BEGIN

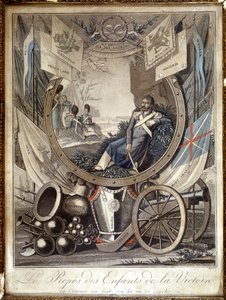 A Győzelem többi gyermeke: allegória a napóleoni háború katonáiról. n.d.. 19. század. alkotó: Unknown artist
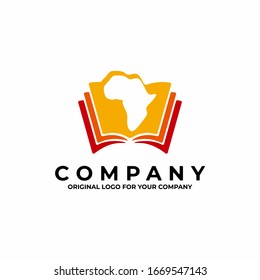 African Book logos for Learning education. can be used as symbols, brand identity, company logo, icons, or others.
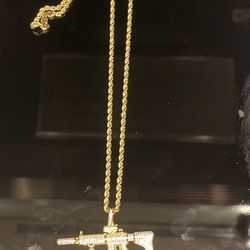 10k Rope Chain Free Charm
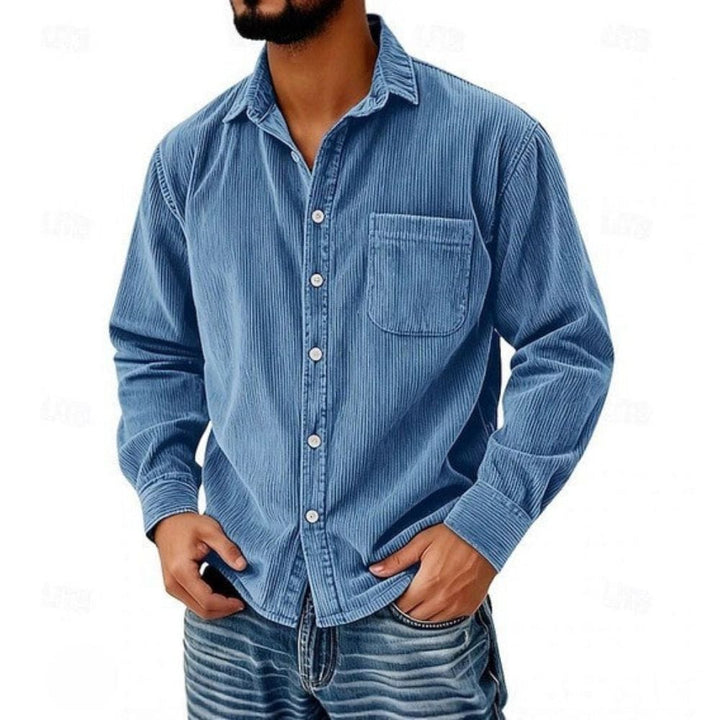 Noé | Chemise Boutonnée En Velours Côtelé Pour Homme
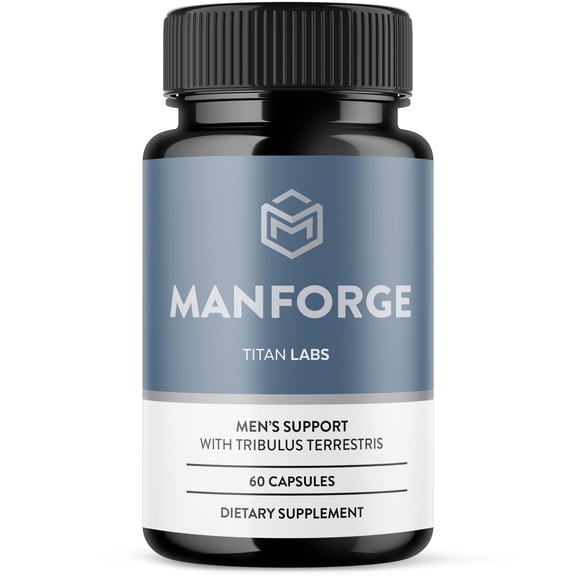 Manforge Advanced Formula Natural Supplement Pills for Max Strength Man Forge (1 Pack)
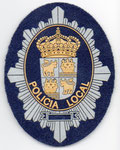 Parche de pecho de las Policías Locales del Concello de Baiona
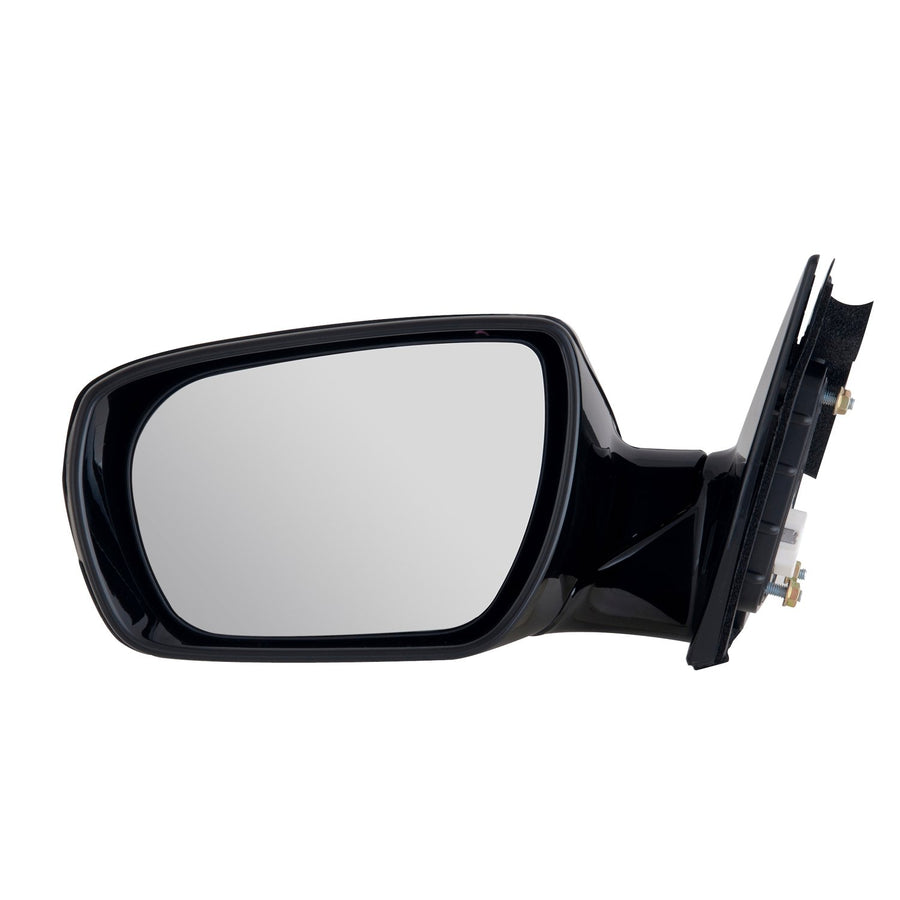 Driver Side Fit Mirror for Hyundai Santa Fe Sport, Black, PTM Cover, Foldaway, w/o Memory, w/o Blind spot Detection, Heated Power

END
BEGIN

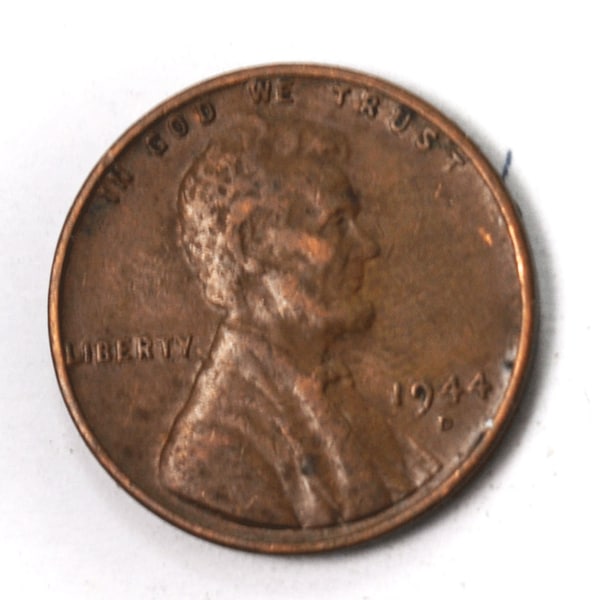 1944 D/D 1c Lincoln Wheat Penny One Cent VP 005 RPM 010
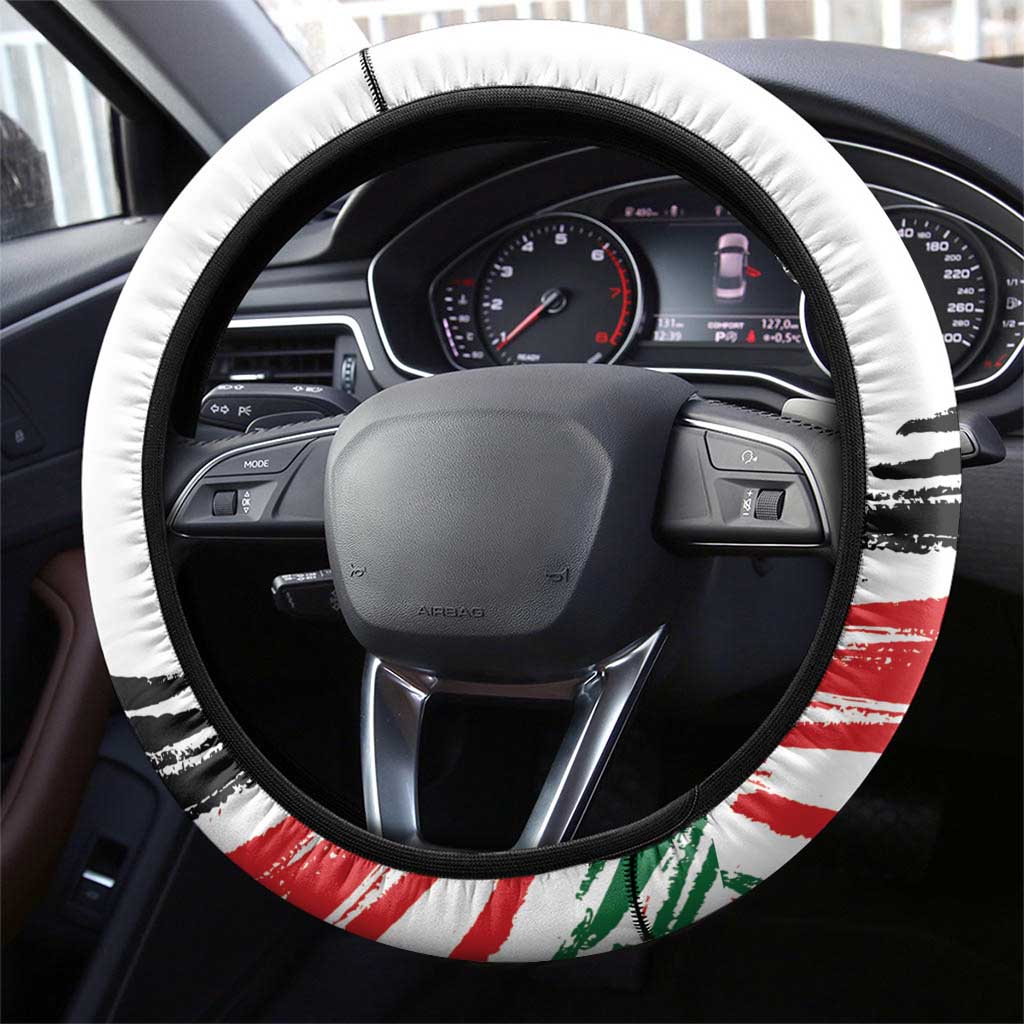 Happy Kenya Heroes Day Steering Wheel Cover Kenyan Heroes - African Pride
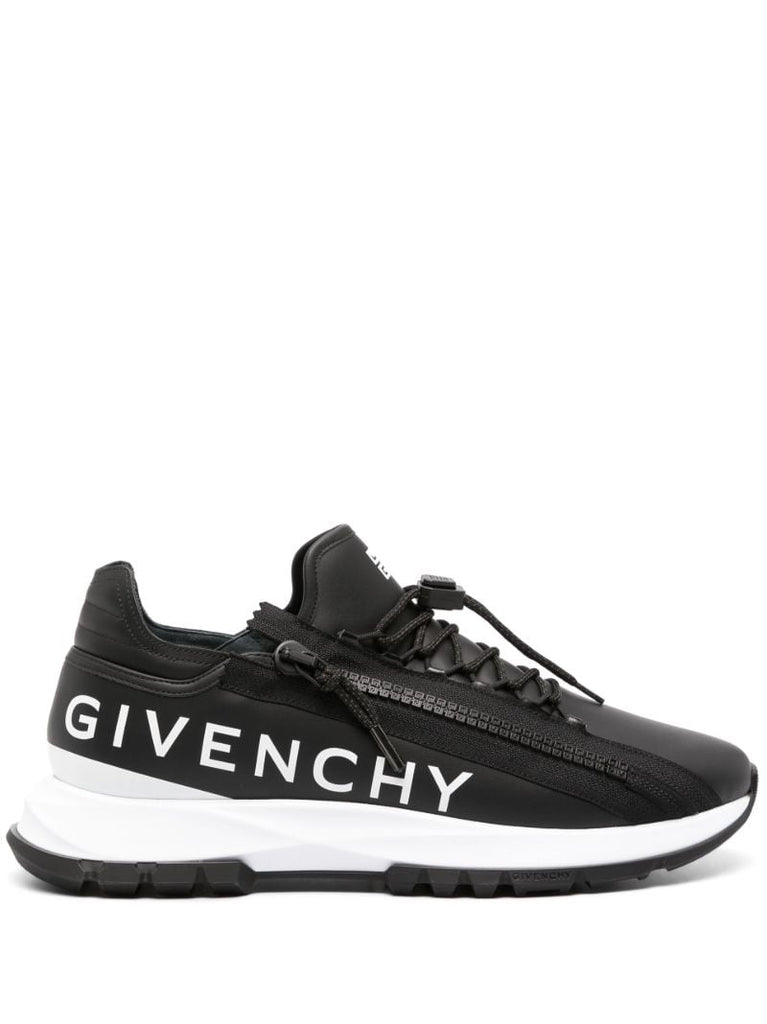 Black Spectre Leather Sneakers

END

Work to be completed: Give back exactly the lines of the listing above from the one that contains "A Győzelem többi" up to and including the one that contains "Parche de pecho", but not the pictures, and no other lines.

Solution for this exercise:
 A Győzelem többi gyermeke: allegória a napóleoni háború katonáiról. n.d.. 19. század. alkotó: Unknown artist
 African Book logos for Learning education. can be used as symbols, brand identity, company logo, icons, or others.
 10k Rope Chain Free Charm
 Noé | Chemise Boutonnée En Velours Côtelé Pour Homme
 Manforge Advanced Formula Natural Supplement Pills for Max Strength Man Forge (1 Pack)
 Parche de pecho de las Policías Locales del Concello de Baiona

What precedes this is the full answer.